The FSA will look at launching legal action with breaches of food labelling rules bringing fines up to £20,000 and a prison term of up to two years.

HORSE MEAT BURGER FIND COULD SPARK PROSECUTIONS

Criminal prosecutions could be brought following the discovery of horse meat in some supermarket beefburgers, the Government said today.

Environment minister David Heath (above right) said standards were generally very high in the British food industry and backed the Food Standards Agency’s risk-based checking system.

Answering an urgent question from Labour’s shadow environment secretary Mary Creagh in the Commons, Mr Heath acknowledged the seriousness of the discovery.

He said: ‘It is very important neither you, nor anyone else in this House, talks down the British food industry at a time when the standards in that industry are of a very high level.

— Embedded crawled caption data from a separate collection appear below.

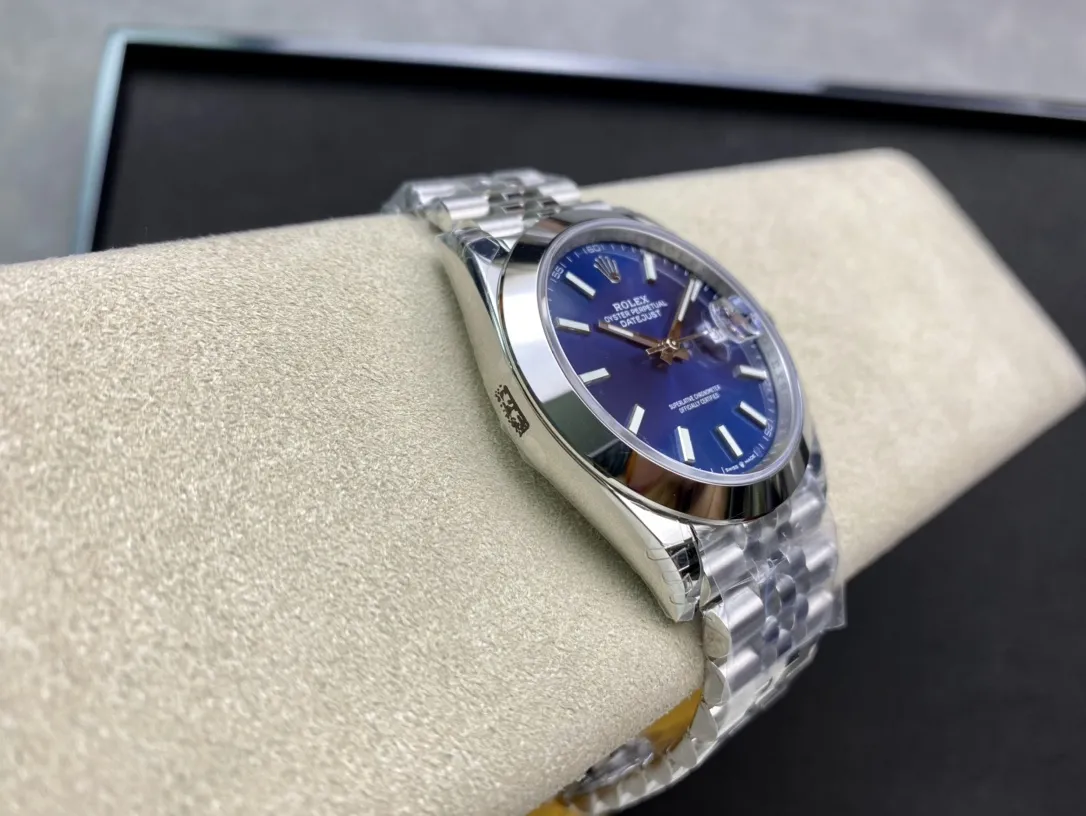 VS Factory Rolex Datejust 41mm Blue Sunburst Dial Smooth Bezel Jubilee Bracelet (126300) 1:1 Super Clone - DD3235 Movement - VS Factory Official photo 7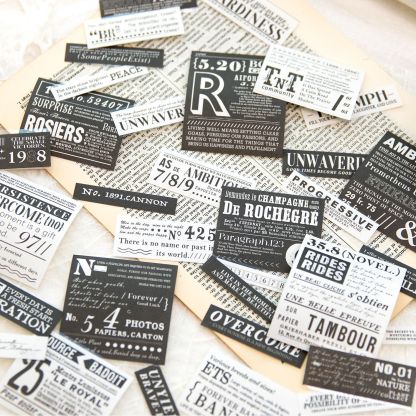 Vintage Text Phrase Labels Kraft Paper Tape - 1.97 inches * 78.74 inches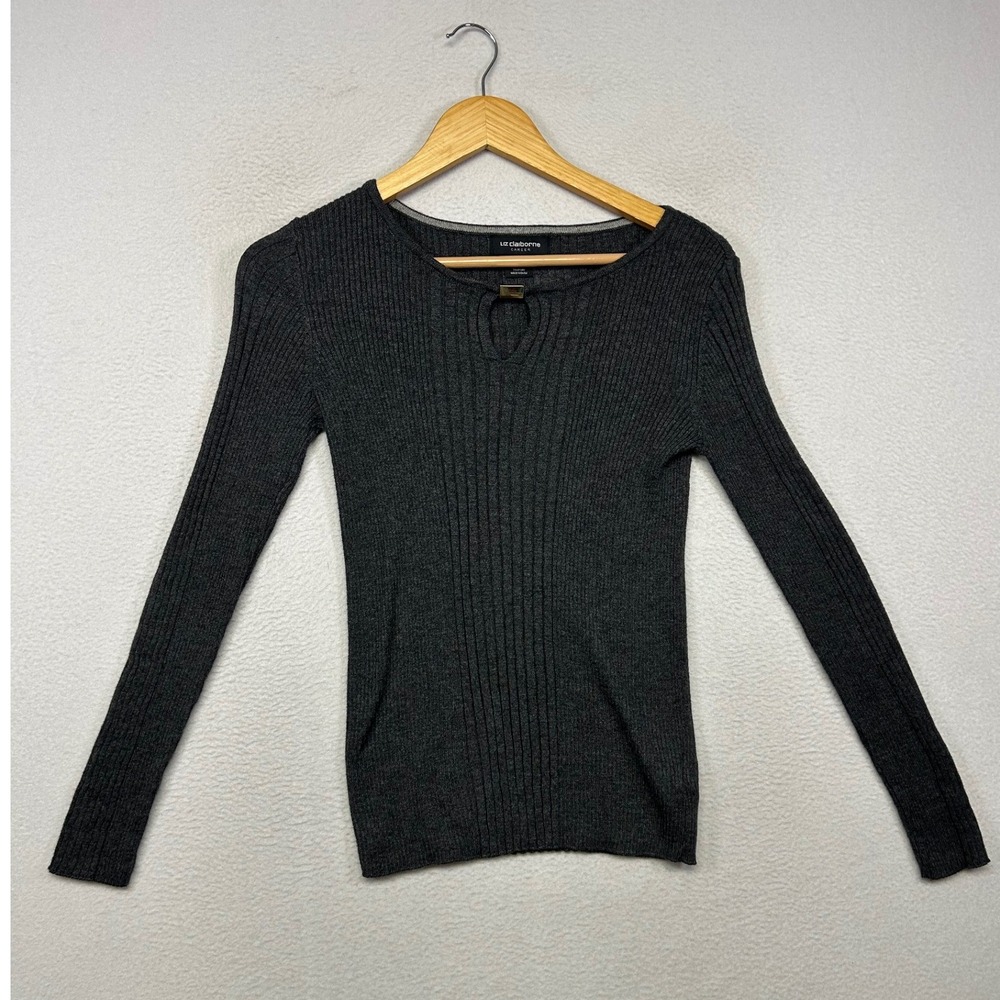 Liz Claiborne Career Ribbed Keyhole Womens Small Gray Long Sleeve Sweater Preppy
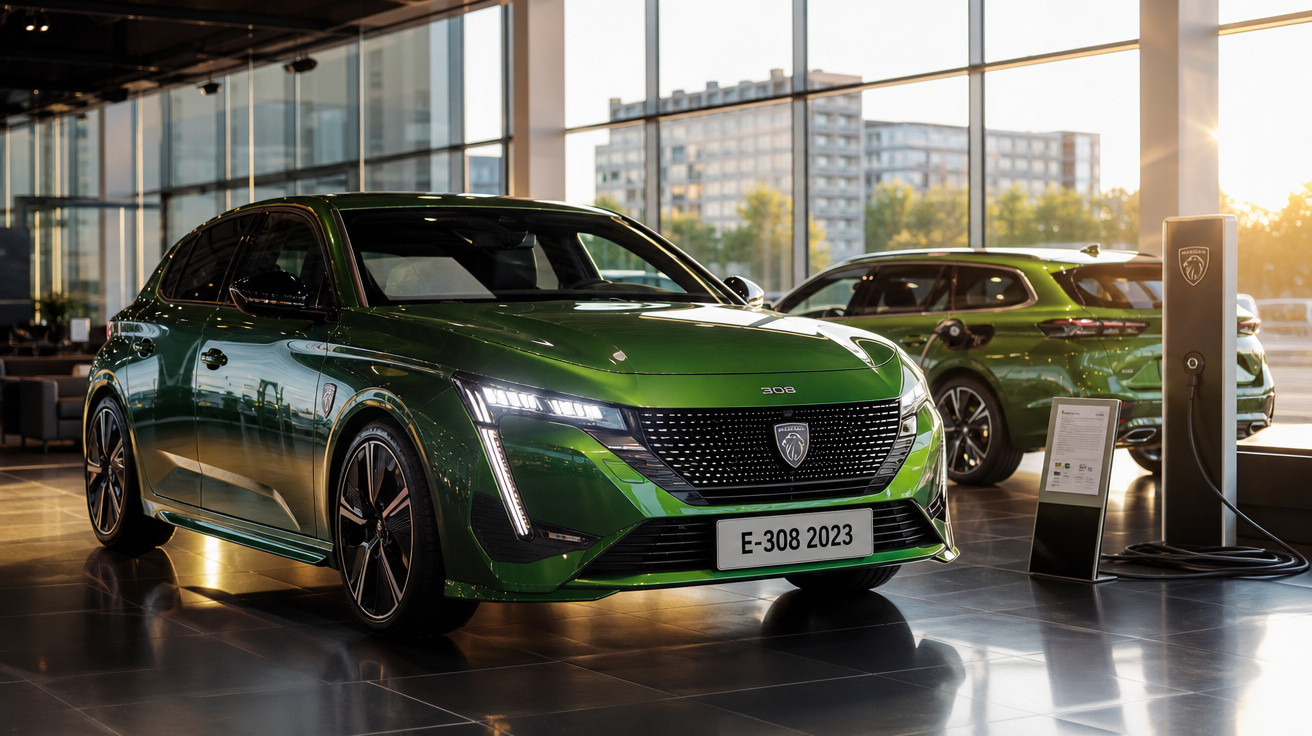 Carro verde Peugeot E-308 2023 elétrico em showroom com estação de recarga ao fundo.
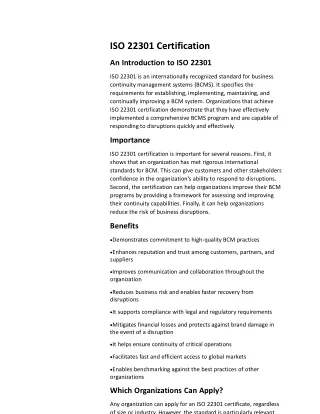 ISO 22301 Certification-Article-1-04-2022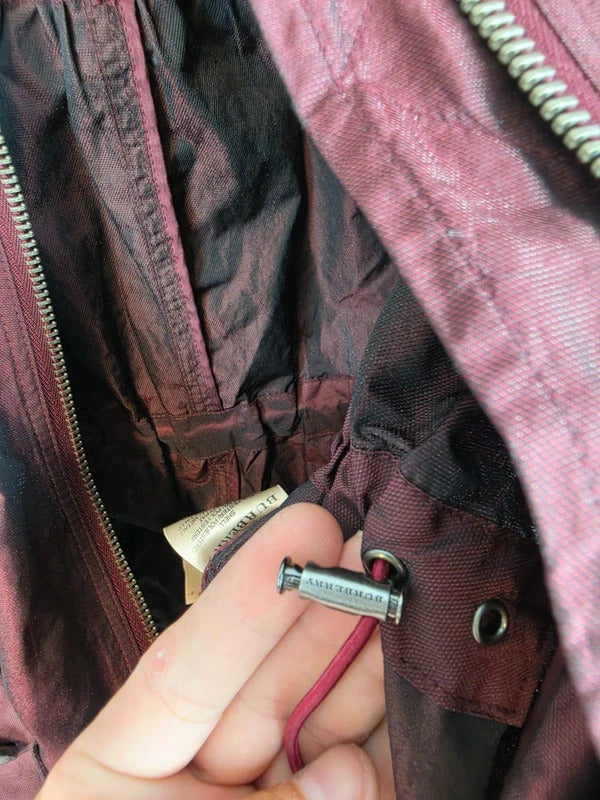 Burberry Brit Metallic Iridescent Parka Jacket Burgundy Womens Size XS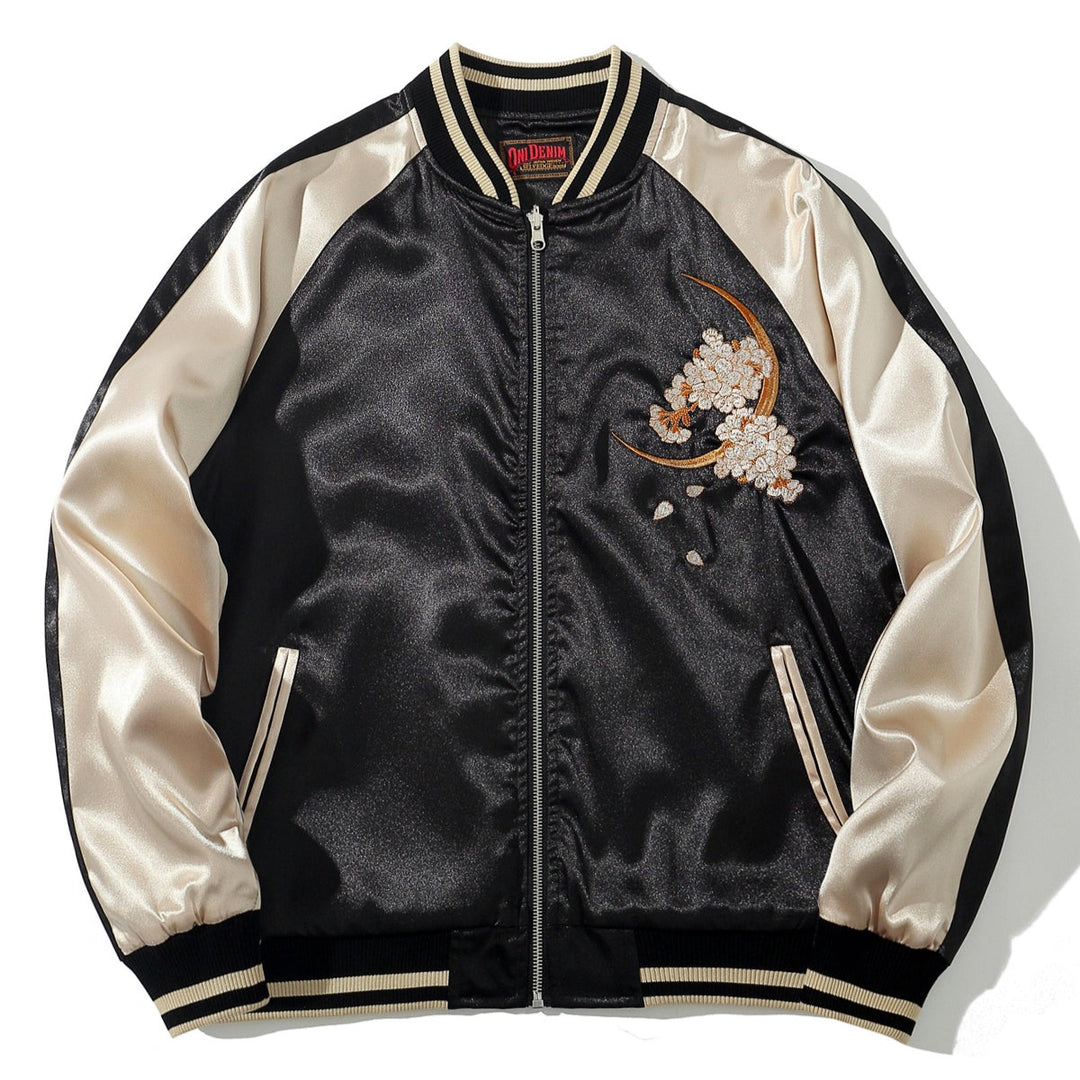 Mens Souvenir Quilted Jacket Japanese Pattern Embroidery
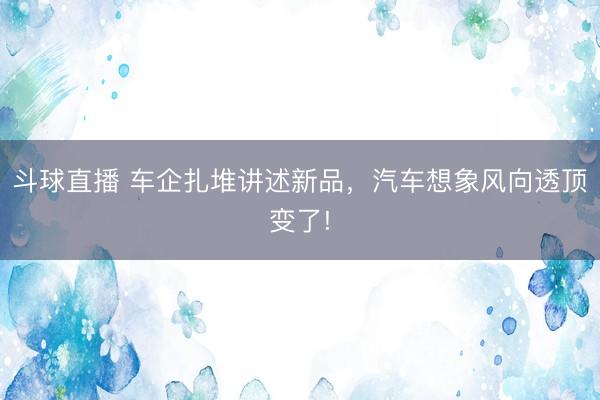 斗球直播 车企扎堆讲述新品，汽车想象风向透顶变了!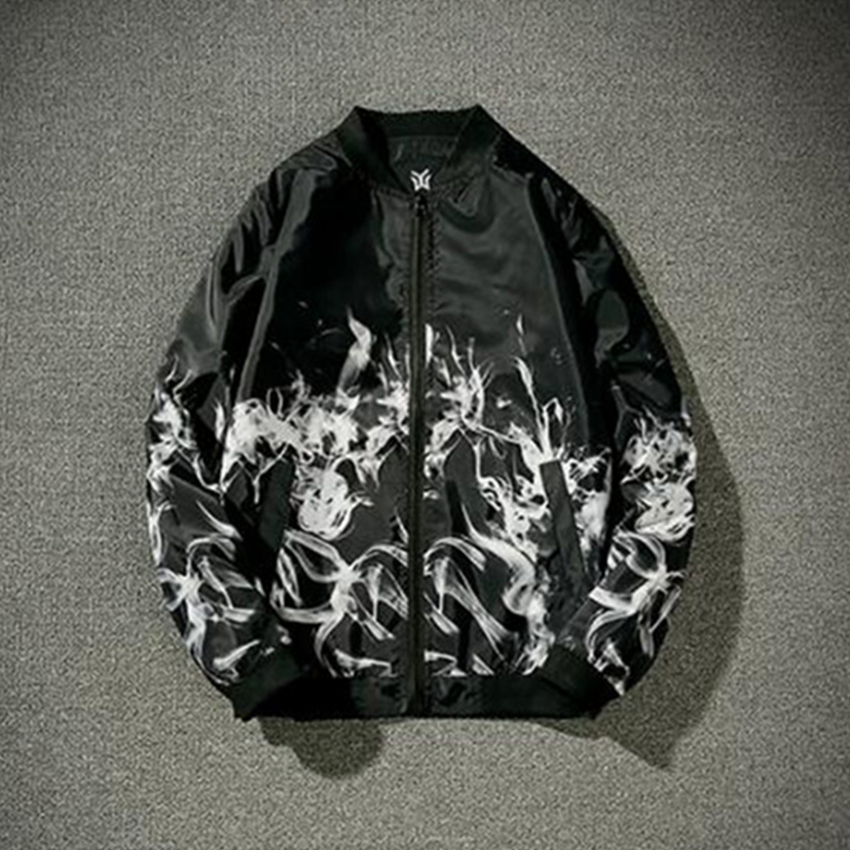 

2018 Spring Men New Coon Flame Print Men Jacket High Quality Slim Long-Sleeve Baseball Jersey Jacket Casual Fitness Sportswear, Red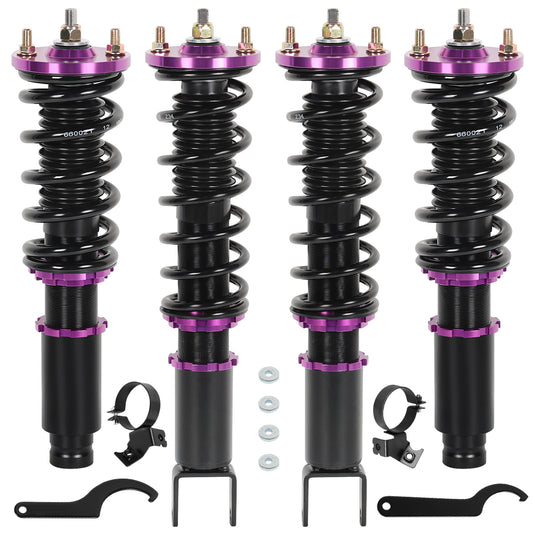 SPEEDWOW Coilovers Shocks Kits for 1988-1991 Honda ED Civic CRX DA Acura Integra, 24 Levels Damper Adjustable Coilovers Suspension Struts Kit, Twin-Tube Lowering Kit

‘Because something has been discovered in Ireland, which is serious, which may lead to criminal proceedings, does not undermine the very serious efforts which are taken by retailers, by processors and by producers in this country to ensure traceability and ensure standards of food that are available to consumers.’

Raising her urgent question, Ms Creagh said: ‘Consumers who avoid pork for religious reasons will be upset they may have unwittingly eaten it and eating horse is strongly culturally taboo in the United Kingdom.

‘It’s not illegal to sell horse meat but it is illegal not to label it correctly.

‘The food industry lobbies vigorously for a light-touch regulation system from Government. Testing, tracking and tracing ingredients is expensive but not testing will cost retailers, processors, British farmers and consumers much more.’

Same supplier: Fast food giant Burger King was drawn into the row today as it uses the same supplier as supermarkets where burgers were found to contain horse meat

 Tesco had no idea about the contamination and has apologised. Its group technical director, Tim Smith, said: ‘Our customers have the right to expect that food they buy is produced to the highest standards.’

Asda, Sainsbury’s and the Co-op all insisted there was no evidence their burgers contain horse meat. However, they decided to withdraw them because they come from firms  which are known to have had this problem

Sainsbury’s said: ‘Although our products have not been implicated, as our customers would expect we treat matters like this extremely seriously.’ Asda said: ‘As soon as we were made aware of the issue we launched a full traceability audit with our supplier.’

Co-op said it was removing two lines of frozen own-brand burgers while tests are carried out ‘to ensure they have been produced to our strict specifications’.

Burger King said it has been given ‘absolute assurance’ by ABP and Silvercrest that none of its burgers were affected. It said its burgers are produced with clean ingredients on a separate production line.

DESTRUCTION OF 10M BURGERS IS WRONG – FOOD CHARITY

The destruction of up to 10 million burgers suspected of containing some levels of horse DNA is morally and ethically wrong, a charity has said.

The UK’s Food Ethics Council said any meat fit for human consumption could be offered to consumers for free.

Dan Crossley, chief executive of the charity, said: ‘It’s wrong to assume straight away that food that is apparently fit for human consumption should go to landfill – if it can be shown to be safe to eat.

‘From a moral and ethical perspective, the amount of food we throw away is nothing short of scandalous, particularly in a world where a billion people are going hungry.

‘We must learn to value the food we eat.’

One of Europe’s biggest suppliers and processors, the ABP Food Group, is among two firms being investigated by health and agriculture authorities in the UK and Ireland over the controversy.

The company said it has recommended destroying up to 10 million frozen burgers which have been withdrawn from shops.

‘Some people will have reservations about eating that meat as there’s the potential to have horse meat in it,’ Mr Crossley said.

If the decision was made that it could not be sold through normal channels, they could look at other options like giving it free to people if they wanted it.